The other day, the Rockies decided to try something the likes of which baseball has never seen before. Possessing horrific starting pitchers (6.37 ERA, 5.27 FIP) and solid relievers (4.01 ERA, 3.65 FIP), a bunch of whom can go multiple innings, the Rockies have decided to switch to a four-man rotation like baseball had in years past, with every pitcher going on three-day’s rest except for when there are off-days. Here’s the catch: each starter is limited to 75 pitches per start so they can handle starting every four days instead of every five. With this system in place, the Rockies have lost their first 2 games, most recently here. But with the right personnel, could this strategy work?

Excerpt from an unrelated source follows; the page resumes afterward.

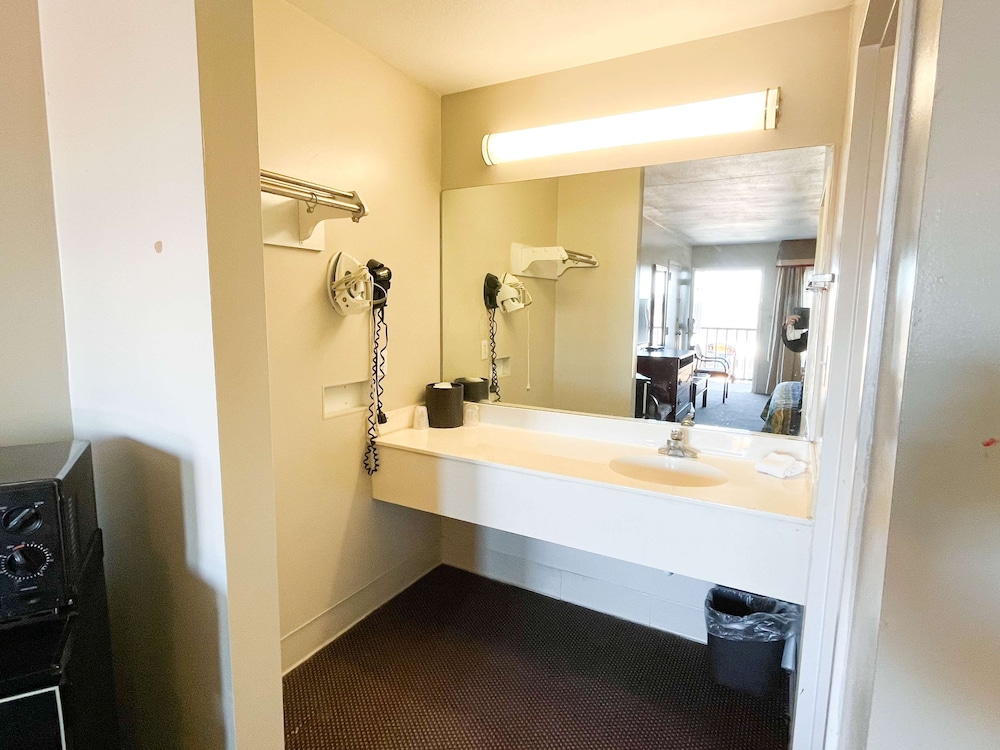 Motel6 Bracey, VA - I-85 32/32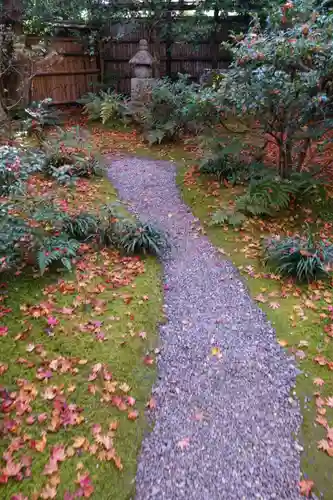 祇王寺の庭園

We have seen through Wade Davis that sometimes pitchers who struggle at the back end of a rotation can thrive in the bullpen. On Wednesday, the Rockies got 3 shutout relief innings from ex-Orioles ace Jeremy Guthrie. If your organization is filled with back-of-the-rotation type pitchers like the Rockies’ is, the idea of sticking them in the bullpen does make some sense. But the issue is the four-man rotation with the 75-pitch limit. But that can work as well- if you have the right type of pitchers.

Strikeouts and walks make pitch count soar. So in order to maximize what you’ll get from your starters in 75 pitches, you need sinkerballers with good control who will force contact early in the count. You need good defense behind them who will turn the groundballs into outs, something the Rockies don’t have right now (and probably neither do the Rays, at least with Evan Longoria out). And if you have soft-tossers in your rotation, or at least pitchers who work more off of finesse, hitters will be in for a rude awakening when you send in relievers who hit the mid-90’s with their fastballs. I think this idea could really work- but not with the Rockies and not with any team in baseball right now.

Because of the Rockies’ current roster, this attempt to turn around their ballclub is unlikely to help them at all. But don’t be overly surprised if, after the Rockies’ experiment ends in a couple of weeks, we hear in a couple of years about a team seriously trying this again. Don’t instantly chastise them- with the right pitchers and a good enough defense, this idea could help a team maximize the ability of its pitching staff. Come postseason time, though, if a team with this strategy could make it, you’re going to need actual starting pitchers, and this idea would fall flat on its face.